32.3 Stability, Adaptiveness, and Optimization

Stability

A sort is stable if the order of equivalent elements is preserved. The following is an example of a stable sort. After sorting by section, notice how Bas, Jana, Jouni, and Rosella are in the same order as before sorting. If we want records sorted by section and then by name within each section, we can sort by name and then by section as below.
The following example is an unstable sort. It can make things really annoying! If we want records sorted by section and then by name within each section, we can't just sort by name and then by section as before. After an unstable sort, the previous ordering is not maintained.
Are some of the sorts we learned stable? Insertion sort is stable! Equivalent elements move past their equivalent brethren. MergeSort is stable. HeapSort is not stable.
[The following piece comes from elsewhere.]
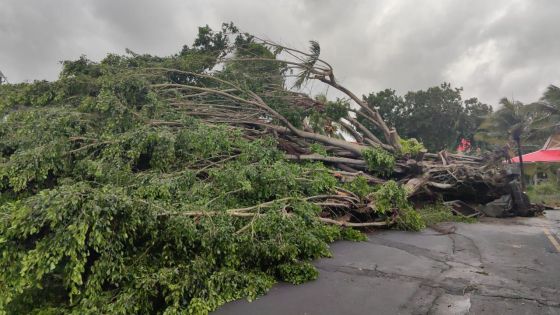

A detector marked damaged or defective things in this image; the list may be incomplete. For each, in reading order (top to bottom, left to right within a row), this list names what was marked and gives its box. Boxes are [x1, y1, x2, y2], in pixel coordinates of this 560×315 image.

cracked asphalt [213, 211, 560, 314]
QuickSort can be stable depending on its partitioning scheme, but its stability cannot be assumed since many of its popular partitioning schemes, like Hoare, are unstable.

Optimizations

Adaptiveness - A sort that is adaptive exploits the existing order of the array. Examples are InsertionSort, SmoothSort, and TimSort.
Switch to Insertion Sort - When a subproblem reaches size 15 or lower, use insertion sort. It is very very fast for inputs of small sizes.
Exploit restrictions on set of keys - For example, if the number of keys is some constant, we can use this constraint to sort faster by applying 3-way QuickSort.
Switch from QuickSort - If the recursion goes too deep, switch to a different type of sort.